SEBUAH perkampungan di Pulau Tanjung Sauh, Kelurahan Ngenang, Kecamatan Nongsa, Kota Batam, Provinsi Kepulauan Riau, terlihat lengang pada 16 November 2023. Rumah-rumah panggung berjejer rapat di bibir pantai. Tak tampak ada aktivitas mencolok di tempat itu.
Perkampungan tersebut dikenal dengan nama Kampung Air Mas. Di sana, orang-orang suku laut bermukim. Sebutan suku laut atau orang laut itu mengacu pada penduduk lokal yang hidup secara nomaden dan mengandalkan mata pencarian dari hasil laut. Mereka bisa tinggal selama berbulan-bulan di sampan beratapkan kajang (atap lipat dari daun nipah). Namun belakangan ini banyak orang laut yang sudah menetap di daratan, termasuk di Kampung Air Mas.
Hari itu, tak banyak orang laut pergi melaut. Akhir-akhir ini cuaca cepat berubah dan semakin sulit mendapatkan ikan. Paling tidak hal itu dirasakan oleh Koh, 45 tahun. “Dari subuh saya berangkat, tidak satu ekor pun dapat,” kata Koh yang baru pulang melaut sambil menambatkan sampan di tiang rumah.
Koh menangkap ikan menggunakan rawai, sebuah tali panjang dengan deretan mata kail. Cumi yang ia gunakan sebagai umpan terlihat masih utuh menyangkut di mata kail. “Umpan tidak ada yang dimakan,” katanya. "Beginilah sekarang kalau melaut."

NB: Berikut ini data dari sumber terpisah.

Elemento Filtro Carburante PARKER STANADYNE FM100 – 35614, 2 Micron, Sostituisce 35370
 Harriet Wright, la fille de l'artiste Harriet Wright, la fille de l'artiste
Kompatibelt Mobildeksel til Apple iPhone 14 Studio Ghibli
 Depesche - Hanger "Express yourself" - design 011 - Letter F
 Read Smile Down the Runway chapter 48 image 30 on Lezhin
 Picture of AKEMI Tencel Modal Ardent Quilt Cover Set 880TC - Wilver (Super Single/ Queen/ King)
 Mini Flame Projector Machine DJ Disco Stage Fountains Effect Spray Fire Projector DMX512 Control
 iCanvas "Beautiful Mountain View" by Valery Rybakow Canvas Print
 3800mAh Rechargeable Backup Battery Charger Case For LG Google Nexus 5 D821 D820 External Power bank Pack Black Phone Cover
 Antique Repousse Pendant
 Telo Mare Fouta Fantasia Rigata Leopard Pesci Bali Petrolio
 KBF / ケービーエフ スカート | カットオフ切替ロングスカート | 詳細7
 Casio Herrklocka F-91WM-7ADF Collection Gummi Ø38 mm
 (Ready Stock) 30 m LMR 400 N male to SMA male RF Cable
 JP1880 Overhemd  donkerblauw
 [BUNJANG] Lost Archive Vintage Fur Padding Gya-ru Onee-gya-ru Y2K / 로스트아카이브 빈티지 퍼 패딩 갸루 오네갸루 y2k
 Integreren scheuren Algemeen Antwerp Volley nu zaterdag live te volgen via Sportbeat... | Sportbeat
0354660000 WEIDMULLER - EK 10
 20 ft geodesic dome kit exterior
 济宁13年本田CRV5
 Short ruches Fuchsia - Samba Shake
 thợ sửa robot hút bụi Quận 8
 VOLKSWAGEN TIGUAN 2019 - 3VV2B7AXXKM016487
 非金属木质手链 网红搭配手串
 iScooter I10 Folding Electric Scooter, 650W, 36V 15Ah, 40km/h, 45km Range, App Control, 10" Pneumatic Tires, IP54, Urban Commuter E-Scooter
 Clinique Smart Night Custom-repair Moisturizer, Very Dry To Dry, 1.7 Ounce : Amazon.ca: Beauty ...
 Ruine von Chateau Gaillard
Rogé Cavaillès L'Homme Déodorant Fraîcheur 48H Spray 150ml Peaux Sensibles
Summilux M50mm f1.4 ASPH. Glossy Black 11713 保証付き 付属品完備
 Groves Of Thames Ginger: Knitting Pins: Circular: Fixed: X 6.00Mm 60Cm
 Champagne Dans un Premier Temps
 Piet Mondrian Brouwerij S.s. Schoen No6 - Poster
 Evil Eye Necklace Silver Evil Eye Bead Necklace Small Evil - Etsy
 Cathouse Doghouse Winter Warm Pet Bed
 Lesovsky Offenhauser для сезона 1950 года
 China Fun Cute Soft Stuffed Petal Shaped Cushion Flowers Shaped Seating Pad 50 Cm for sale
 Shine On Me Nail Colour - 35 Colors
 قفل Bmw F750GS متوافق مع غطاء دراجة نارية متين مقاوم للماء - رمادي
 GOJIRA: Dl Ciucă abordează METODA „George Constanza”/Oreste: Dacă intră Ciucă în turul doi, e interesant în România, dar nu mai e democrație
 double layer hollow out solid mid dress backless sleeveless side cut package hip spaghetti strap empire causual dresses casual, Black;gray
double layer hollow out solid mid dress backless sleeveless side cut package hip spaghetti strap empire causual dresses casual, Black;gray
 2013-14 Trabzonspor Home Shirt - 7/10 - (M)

Keluhan serupa disampaikan Ali, nelayan suku laut, yang juga baru pulang mencari ikan. Hanya, ia lebih beruntung daripada Koh. Pria 40 tahun ini bisa membawa pulang 2 kilogram kerapu merah dan 1 kilogram kerapu hitam. Namun tetap saja perolehan itu tidak cukup untuk memenuhi kebutuhan keluarga. “Pusing cari ikan sekarang, susah betul,” katanya.
Menurut Ali, nelayan suku laut masih mengandalkan alat tangkap tradisional. Sedangkan nelayan-nelayan lain menggunakan peralatan modern. Bahkan mereka memiliki alat pelacak untuk mendeteksi keberadaan ikan. “Dulu yang melaut kami saja, sekarang semua orang pandai melaut,” katanya.
Persoalan paling besar, kata Ali, adalah cuaca yang sulit diprediksi. Langit yang cerah bisa tiba-tiba menjadi mendung kemudian disusul dengan hujan dan badai. Nelayan yang menggunakan sampan tidak mungkin bertahan di tengah laut dengan kondisi semacam itu. “Mesin kami ketinting, kena air tidak bisa jalan,” kata Ali. “Jadi kalau cuaca buruk tiba-tiba datang, itu sangat berbahaya.”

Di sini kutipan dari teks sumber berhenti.